- Still Searching for Progressivism
The search for progressivism is the American historical profession’s version of the snipe hunt: we watch those engaged in the pursuit, even participate ourselves on occasion, but never fail to shake our heads ruefully at those who claim to have “seen it” or “found it.” My own skepticism was both confirmed and challenged by Eldon Eisenach’s tightly argued The Lost Promise Of Progressivism. This is a complex and engaging pursuit of progressivism; an attempt not only to identify a notoriously elusive historical subject but to stuff and mount it as a lesson in contemporary civics. Yet, to exhaust the metaphor, I was never fully convinced that Eisenach’s quarry really existed. This confused and undermined both the object of the hunt (an intellectually coherent set of “Progressive” ideas) and the contemporary relevance of displaying the trophy (the “lost promise”).
Its nuances aside for the moment, Eisenach’s argument is relatively straightforward. This is both a historical analysis of Progressive thought and a fan letter for a certain strain of it. Eisenach focuses on a small cohort of Progressives who shared the conviction that “[t]o link personal freedom to national democracy — a substantive and inclusive public good — not only placed issues of rights within a framework of national institutions, it redefined the idea of citizenship as well” (p. 221). This is presented as both the intellectual center of progressivism and the lost mooring of the modern liberal tradition, which instead adopted the “rights consciousness” of the Progressives’ critics. Progressives, in Eisenach’s view, laid the intellectual foundations for a more meaningful political culture — a sort of public-spirited, interest group liberalism resting on both state institutions and an array of secondary associations. The promise of this public spirit, however, was lost after 1920 in the ethical anarchy of democratic individualism. In the end, Eisenach’s Progressives were unable to displace the pursuit of negative liberty (freedom from the state) with a sense of positive liberty (obligation to the state). This is at once a fresh reading of Progressivism, a distinct historical echo of the communitarian critique of modern liberalism, and a ringing indictment of a [End Page 669] political culture whose fascination with “disembodied claims for liberty” (p. 190) has perforated the American social contract with loopholes and escape clauses. “Now that enthusiastic defenders of New Deal liberalism are hardly to be found in the academy,” argues Eisenach, “we could do worse than seek to reappropriate some features of Progressive public doctrine that later liberal doctrine never understood or forgot. We might at least conclude that it was no small achievement to connect pride in one’s country to mutual obligations and a national ideal of social justice” (p. 258).
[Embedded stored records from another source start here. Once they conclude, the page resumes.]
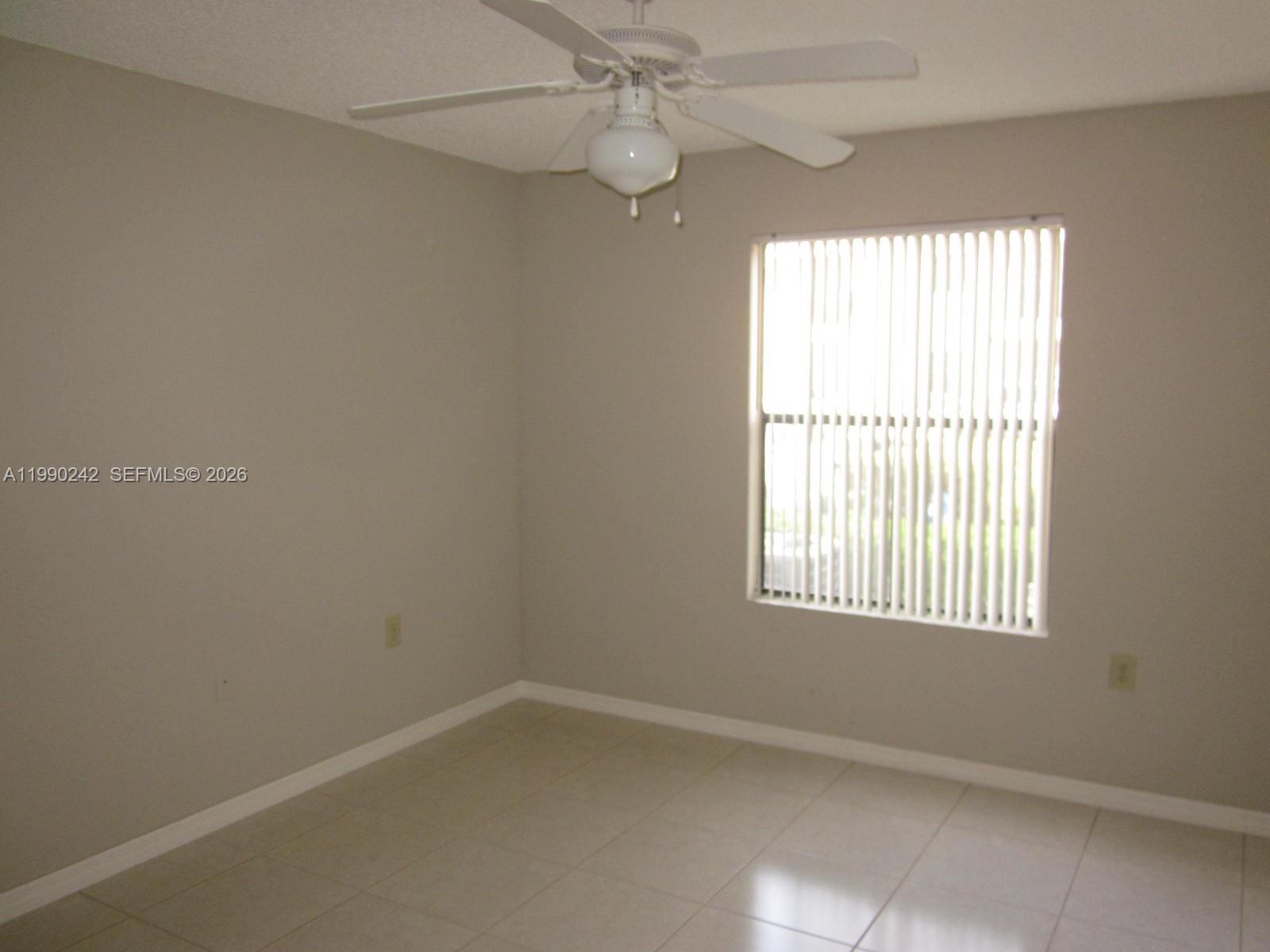 15051 Southwest 103rd Lane, Unit 4103 Miami, FL 33196 - Photo 4 of 19 an empty room with a window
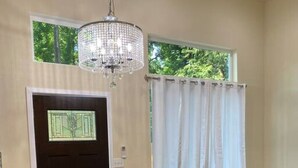 A living room with a dark door, a grey sofa with red cushions, a coffee table, and a chandelier. - Upscale Modern Private Cottage (Kirkland)
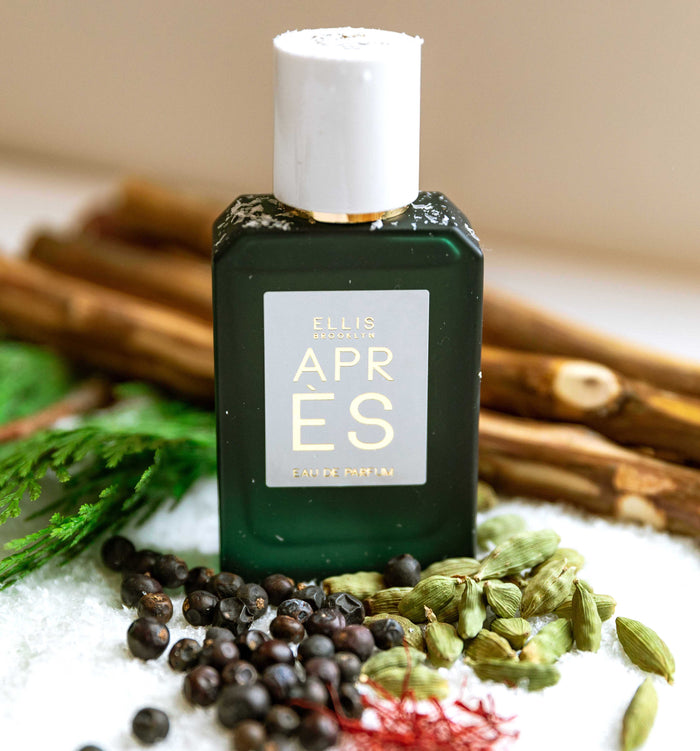 Apres 50ml Eau De Parfum with snow lightly covering bottle on snow with berries, saffron, green leaves, and pieces of wood, against tan background.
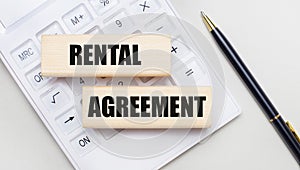 Wooden blocks with the RENTAL AGREEMENT Iie on a light background on a white calculator. Nearby is a black handle. Business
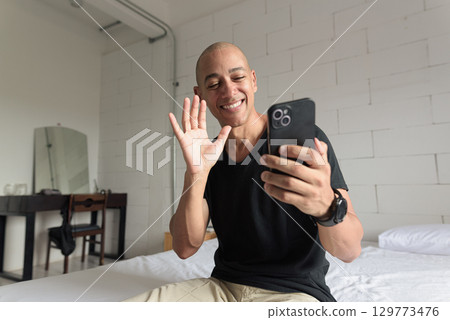 Bald Hispanic man sitting on bed at home using phone having video call waving hand 129773476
For Eisenach, the confrontation between the Progressives and their critics was nothing less than a battle for intellectual, institutional, and cultural hegemony in American politics. The Progressives raised civic obligation against the electoral individualism of Jacksonian politics, legal activism against a passive rule of law, nationalism against “states’ rights” regionalism, and the social gospel against denominational conservatism. This multifaceted challenge drew its energy from a variety of (largely familiar) sources, all of which eroded the authority of parochial party politics: political reform, presuffrage feminist organization, the social gospel, the universities, and the emergence of independent mass magazines. Progressive efforts, in this respect, were challenged not only by the status quo — a “state of courts and parties” — but by the weakness of national state institutions. Accordingly, the reformers were pressed to simultaneously build the institutions of national democratic life, and legitimate those institutions through “the creation and articulation of [an] institution-legitimating discourse” (p. 19). This necessary ideological flourish was provided by a Protestant reform tradition which, as Eisenach suggests, not only gave progressivism its almost spiritual sense of obligation and duty but also marked the sharpest contrast between progressivism and modern liberalism: “to say today what they said then... would be a profound embarrassment to the audience — perhaps the result of some booking error” (pp. 46–47).